>>>
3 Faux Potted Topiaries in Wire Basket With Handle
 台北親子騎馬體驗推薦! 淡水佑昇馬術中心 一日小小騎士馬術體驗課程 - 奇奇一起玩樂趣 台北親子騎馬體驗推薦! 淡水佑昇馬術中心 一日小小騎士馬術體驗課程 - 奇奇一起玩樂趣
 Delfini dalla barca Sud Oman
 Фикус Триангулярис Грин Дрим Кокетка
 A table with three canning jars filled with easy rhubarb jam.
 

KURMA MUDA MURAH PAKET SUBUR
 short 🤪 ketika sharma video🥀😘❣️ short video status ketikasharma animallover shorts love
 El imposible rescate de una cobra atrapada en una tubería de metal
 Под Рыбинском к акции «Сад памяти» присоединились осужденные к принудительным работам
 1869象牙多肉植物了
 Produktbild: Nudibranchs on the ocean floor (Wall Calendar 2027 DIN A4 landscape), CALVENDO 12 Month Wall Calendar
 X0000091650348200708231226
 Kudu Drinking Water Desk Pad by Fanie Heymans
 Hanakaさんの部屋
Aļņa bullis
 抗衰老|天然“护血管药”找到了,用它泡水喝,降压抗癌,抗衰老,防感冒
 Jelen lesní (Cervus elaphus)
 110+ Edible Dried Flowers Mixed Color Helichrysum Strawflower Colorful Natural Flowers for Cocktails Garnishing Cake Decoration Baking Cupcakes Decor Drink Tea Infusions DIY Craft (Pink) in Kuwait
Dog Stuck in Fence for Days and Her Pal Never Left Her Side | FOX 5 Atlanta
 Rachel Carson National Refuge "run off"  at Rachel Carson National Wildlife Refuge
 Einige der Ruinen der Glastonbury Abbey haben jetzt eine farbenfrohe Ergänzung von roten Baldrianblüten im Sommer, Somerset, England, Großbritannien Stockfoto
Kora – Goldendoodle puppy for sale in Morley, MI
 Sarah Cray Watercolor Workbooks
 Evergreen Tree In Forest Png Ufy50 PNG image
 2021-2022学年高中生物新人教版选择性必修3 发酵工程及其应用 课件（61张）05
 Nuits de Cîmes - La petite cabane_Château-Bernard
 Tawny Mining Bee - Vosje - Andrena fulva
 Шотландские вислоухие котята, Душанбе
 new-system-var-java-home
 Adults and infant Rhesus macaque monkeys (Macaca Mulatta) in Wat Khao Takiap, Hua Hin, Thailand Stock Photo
<<<
**Exercise requirements**
Look above for the line containing "El imposible rescate" and the line containing "Einige der Ruinen". Transcribe both, with the lines between them, exactly.

**Solution to this task**
 El imposible rescate de una cobra atrapada en una tubería de metal
 Под Рыбинском к акции «Сад памяти» присоединились осужденные к принудительным работам
 1869象牙多肉植物了
 Produktbild: Nudibranchs on the ocean floor (Wall Calendar 2027 DIN A4 landscape), CALVENDO 12 Month Wall Calendar
 X0000091650348200708231226
 Kudu Drinking Water Desk Pad by Fanie Heymans
 Hanakaさんの部屋
Aļņa bullis
 抗衰老|天然“护血管药”找到了,用它泡水喝,降压抗癌,抗衰老,防感冒
 Jelen lesní (Cervus elaphus)
 110+ Edible Dried Flowers Mixed Color Helichrysum Strawflower Colorful Natural Flowers for Cocktails Garnishing Cake Decoration Baking Cupcakes Decor Drink Tea Infusions DIY Craft (Pink) in Kuwait
Dog Stuck in Fence for Days and Her Pal Never Left Her Side | FOX 5 Atlanta
 Rachel Carson National Refuge "run off"  at Rachel Carson National Wildlife Refuge
 Einige der Ruinen der Glastonbury Abbey haben jetzt eine farbenfrohe Ergänzung von roten Baldrianblüten im Sommer, Somerset, England, Großbritannien Stockfoto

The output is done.